The algorithm is exponential in the size of the input because of the assumption that integers are represented in binary. The running time is $O(T \cdot n)$, where $T$ is the integer (sum) and $n$ is the size of the set. Since $T$ is - typically and realistically - represented in binary, $T$ is represented by at least $O(log_2 T)$ bits*
. So it takes $O(log_2 T)$ time to read this bit-vector sequentially. In the DP algorithm, you have to consider all values (sums) from $1$ to $T$ (assuming $T$ is positive); this is exponential in the length of $T$. To see this, note that:
$k = log_2 T$
$T = 2^{k}$
So if you have a bit-vector that is $b$ bits long, the largest number you can represent is approximately $2^b$; a number exponential in $b$.
Example
The maximum value of a $32$ bit signed integer is $T = 2^{31} - 1$. In order to read this bit-vector sequentially you have to read $32$ bits. But if you want to, say, make an array of length $T$, this would yield an array of length $T = 2^{31} - 1 = 2,147,483,647$. To construct the array would also take $T$ time.

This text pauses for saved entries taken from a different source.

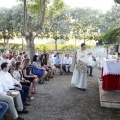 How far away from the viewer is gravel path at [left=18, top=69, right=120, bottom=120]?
5531 mm

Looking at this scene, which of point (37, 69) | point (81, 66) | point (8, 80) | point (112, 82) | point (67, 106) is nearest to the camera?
point (8, 80)

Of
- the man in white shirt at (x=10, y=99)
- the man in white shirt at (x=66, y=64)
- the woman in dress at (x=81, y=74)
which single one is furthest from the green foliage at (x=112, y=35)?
the man in white shirt at (x=10, y=99)

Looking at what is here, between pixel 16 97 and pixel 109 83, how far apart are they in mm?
3117

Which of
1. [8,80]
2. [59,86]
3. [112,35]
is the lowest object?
[59,86]

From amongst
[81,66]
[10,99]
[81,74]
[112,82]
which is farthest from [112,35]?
[10,99]

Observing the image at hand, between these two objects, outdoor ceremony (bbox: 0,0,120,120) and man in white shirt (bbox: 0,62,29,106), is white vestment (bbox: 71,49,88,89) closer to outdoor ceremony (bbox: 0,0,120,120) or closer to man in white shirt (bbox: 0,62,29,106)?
outdoor ceremony (bbox: 0,0,120,120)

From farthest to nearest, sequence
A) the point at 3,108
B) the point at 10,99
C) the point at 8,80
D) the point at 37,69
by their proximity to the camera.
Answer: the point at 37,69 → the point at 8,80 → the point at 10,99 → the point at 3,108

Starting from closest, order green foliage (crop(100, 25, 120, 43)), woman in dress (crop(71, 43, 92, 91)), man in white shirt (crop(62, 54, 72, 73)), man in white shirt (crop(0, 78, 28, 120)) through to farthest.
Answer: man in white shirt (crop(0, 78, 28, 120)) < woman in dress (crop(71, 43, 92, 91)) < green foliage (crop(100, 25, 120, 43)) < man in white shirt (crop(62, 54, 72, 73))

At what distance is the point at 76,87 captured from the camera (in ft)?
29.6

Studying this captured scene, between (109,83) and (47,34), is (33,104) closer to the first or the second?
(109,83)

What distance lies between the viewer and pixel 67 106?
20.9 feet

Alternative representation
You could represent integers in unary, which means that the length of the representation of the integer is equal to the value of the integer. Then you could say that the running time of the algorithm is polynomial. But this is of course not an improvement. Algorithms like this, which are polynomial in the numeric value of the input, are said to run in pseudo-polynomial time.
*
Typically, integers are stored in a fixed size representation, e.g. $32$ bits or $64$ bits. I also use big-oh notation to omit the details of how to exactly get the length of the representation of the integer, or the minimum length that would be needed in order to represent an integer in binary, since I feel that it might lead to a lot of details that don't help convey the overall idea.